TASK INSTRUCTIONS:
From the first line to the last, copy the listing exactly and omit the images.

DATA SEGMENT:
━━━━━━━━━━━━━━━━━━━━━━━━━━━━━━

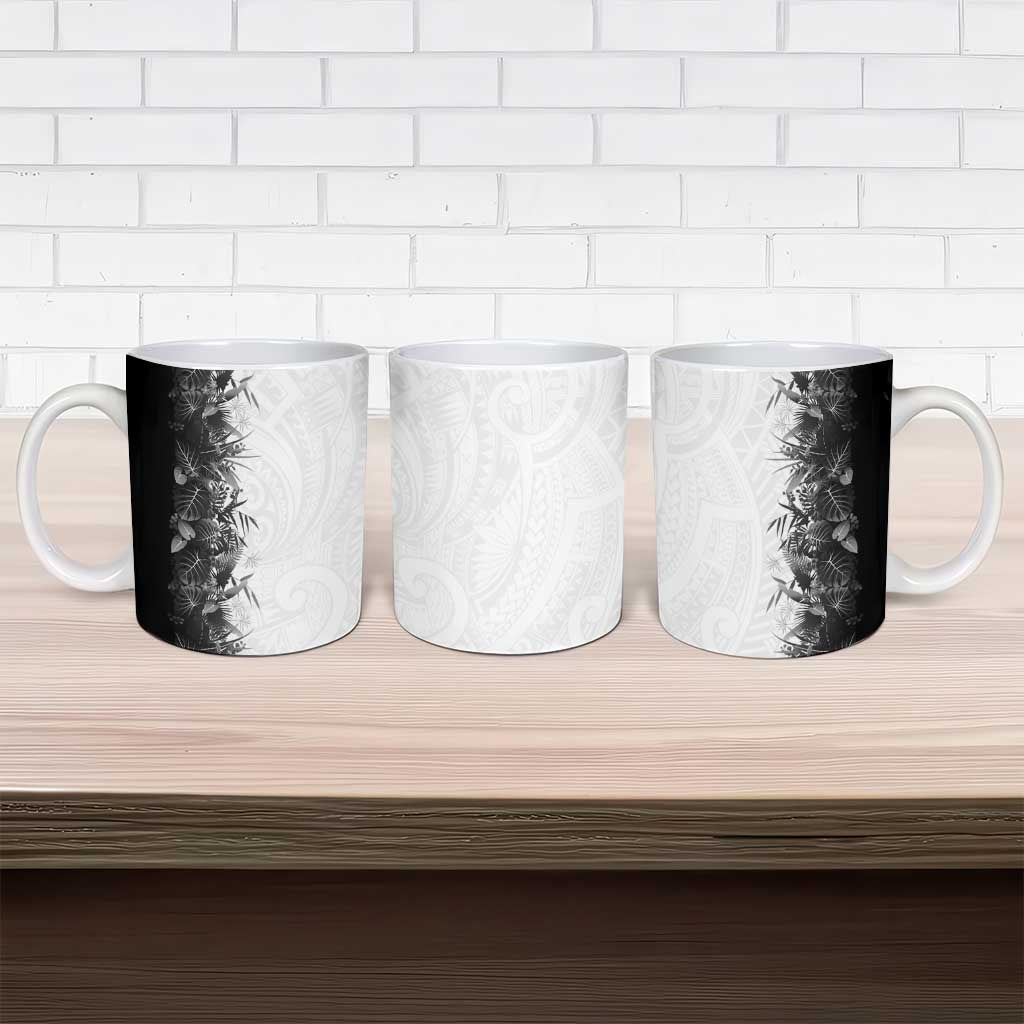 Hawaii Tropical Plant Monochrome Ceramic Mug Vibrant Polynesian Pattern LT01 - Polynesian Pride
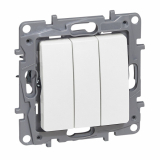 LEGRAND - ŁĄCZNIK POTRÓJNY ZACISKI ŚRUBOWE 10AX BIAŁY NILOE2 - 764503
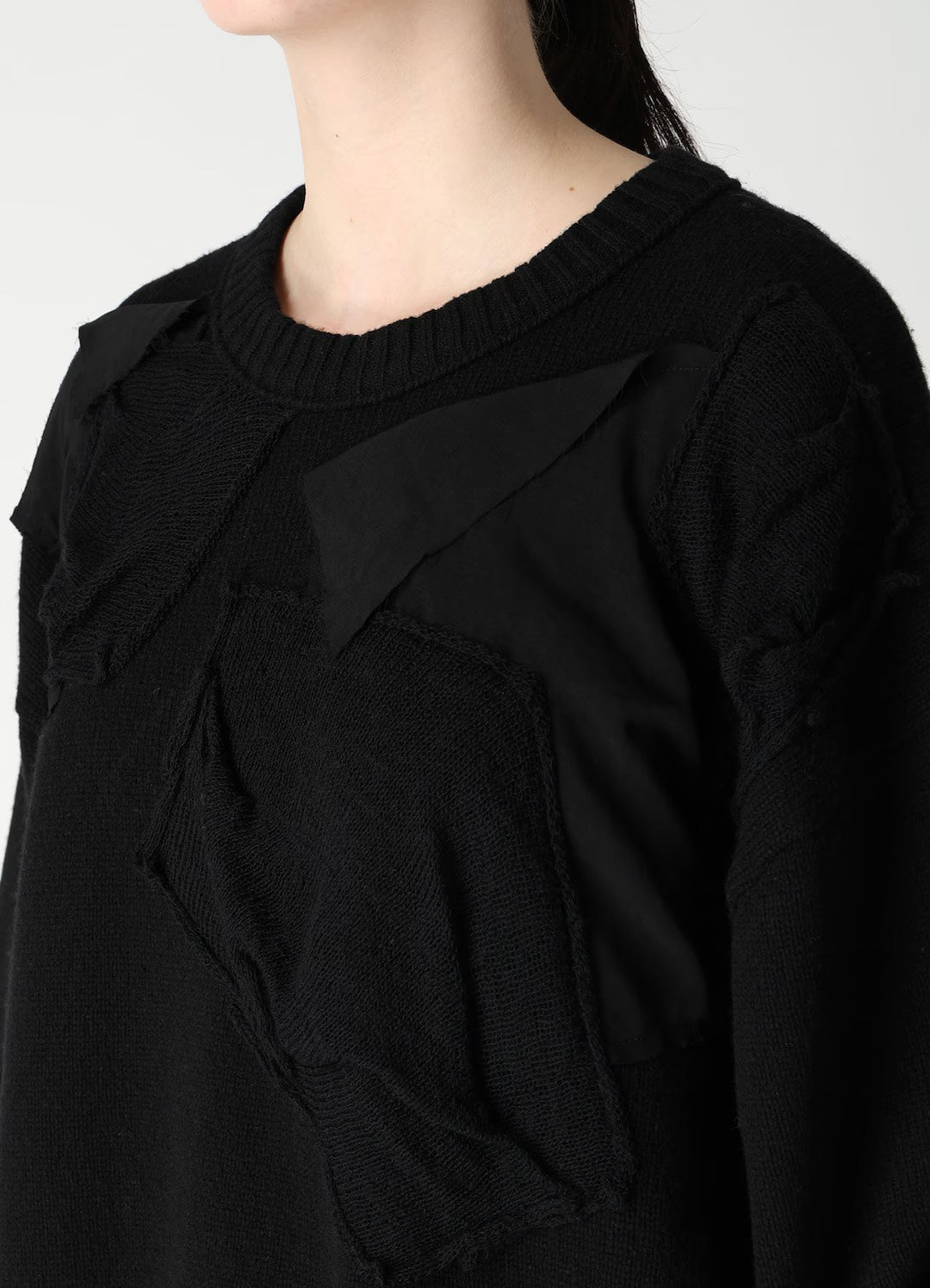 【Y's - ワイズ】 7G JERSEY PATCH APPLIQUE KNIT PULLOVER/ BLACK (ニット/ブラック)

━━━━━━━━━━━━━━━━━━━━━━━━━━━━━━

TASK ANSWER:
 Hawaii Tropical Plant Monochrome Ceramic Mug Vibrant Polynesian Pattern LT01 - Polynesian Pride
 LEGRAND - ŁĄCZNIK POTRÓJNY ZACISKI ŚRUBOWE 10AX BIAŁY NILOE2 - 764503
 【Y's - ワイズ】 7G JERSEY PATCH APPLIQUE KNIT PULLOVER/ BLACK (ニット/ブラック)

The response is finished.